Professionals are looking for individuals who are not only academically or professionally trained, but are also equipped with IT “soft skills”—the general skills needed to be a successful employee. Mark Shacklett of TechRepublic says “…human interaction and soft skills areas are as much in demand in IT as they were ten years ago. It is why, when I talk with CIOs, that they point to several key areas where they want to see soft skills from their managers and their new hires.” Four important skill areas include, according to Shackle, strong written and oral communication skills, the ability to recognize the human element of projects, the ability to collaborate and the skills to provide project visibility.
Eric P. Bloom, former CIO and president of Manager Mechanics LLC, offers 10 soft skills for those in the IT industry:
1. Negotiation skills: This will be of value when facilitating negotiations between IT and business users, you and IT regarding development resources, and you and the business users trying to minimize project scope creep.
2. Active listening: This will be of great value when trying to collect business requirements, provide quality internal client service, and when gathering information for status reports.
3. Dealing with conflict: This will be of value when IT and users disagree and/or when deadlines are being missed and tensions are running high.
4. Quality client service techniques: As a representative of the IT community, providing quality client service to the business users you support is critical to your job performance and career advancement.
5. Decision making: There are many formalized decision making techniques, such as a decision matrix, that can help you make quality, business appropriate, and defendable decisions that can help you to best service your internal clients and maximize your job performance.
6. Problem solving: Like decision making, there are formalized problem solving techniques, such as Five Whys and Brainstorming that can help you discover a problem’s root cause and define potential solutions.
7. Strategic thinking: Very often a business analyst must think outside-the-box to find innovative business solutions that meet their internal client’s needs.
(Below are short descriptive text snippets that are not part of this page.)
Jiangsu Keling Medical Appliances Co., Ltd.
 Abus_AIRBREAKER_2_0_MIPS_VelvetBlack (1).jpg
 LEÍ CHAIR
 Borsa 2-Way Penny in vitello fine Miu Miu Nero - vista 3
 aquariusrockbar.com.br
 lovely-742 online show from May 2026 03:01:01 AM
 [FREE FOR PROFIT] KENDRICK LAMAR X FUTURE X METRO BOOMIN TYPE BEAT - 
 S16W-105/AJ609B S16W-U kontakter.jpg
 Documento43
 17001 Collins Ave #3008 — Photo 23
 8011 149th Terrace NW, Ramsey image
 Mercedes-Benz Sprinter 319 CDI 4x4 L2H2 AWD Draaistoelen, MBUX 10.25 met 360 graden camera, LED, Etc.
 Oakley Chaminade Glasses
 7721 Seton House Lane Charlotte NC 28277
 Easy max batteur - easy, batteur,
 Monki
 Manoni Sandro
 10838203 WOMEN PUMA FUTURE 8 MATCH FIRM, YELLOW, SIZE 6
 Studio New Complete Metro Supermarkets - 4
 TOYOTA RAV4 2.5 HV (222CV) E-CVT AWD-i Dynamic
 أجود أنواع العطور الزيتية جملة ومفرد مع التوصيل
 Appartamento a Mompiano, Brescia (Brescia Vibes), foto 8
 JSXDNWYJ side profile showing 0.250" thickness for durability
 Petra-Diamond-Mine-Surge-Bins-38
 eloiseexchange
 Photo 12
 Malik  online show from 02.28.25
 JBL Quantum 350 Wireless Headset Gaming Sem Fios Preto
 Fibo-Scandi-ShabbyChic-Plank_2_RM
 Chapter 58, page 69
An understanding of strategic thinking techniques can help facilitate this process.
8. Technical writing: A key role of business analysis is the creation of business requirement specifications and other forms of documentation. Your ability to develop coherent, informative, and usable documents is a requirement for professional success.
9. Presentation and public speaking: Don’t underestimate the value of creating and delivering quality presentations on topics such as application designs, project status, and business requirements. Generally speaking, the people listening to your presentations are senior IT and business management people. Your ability to impress them with your presentation could have a significant effect on your career growth.
10. Team building: As a business analyst, you may be required to lead formalized and/or ad hoc teams. Your ability to structure, coordination, and lead these teams can not only make you more successful in your current role, but position you for future IT senior positions.
Developing these skills can enhance your appeal as a job candidate and increase productivity once employed.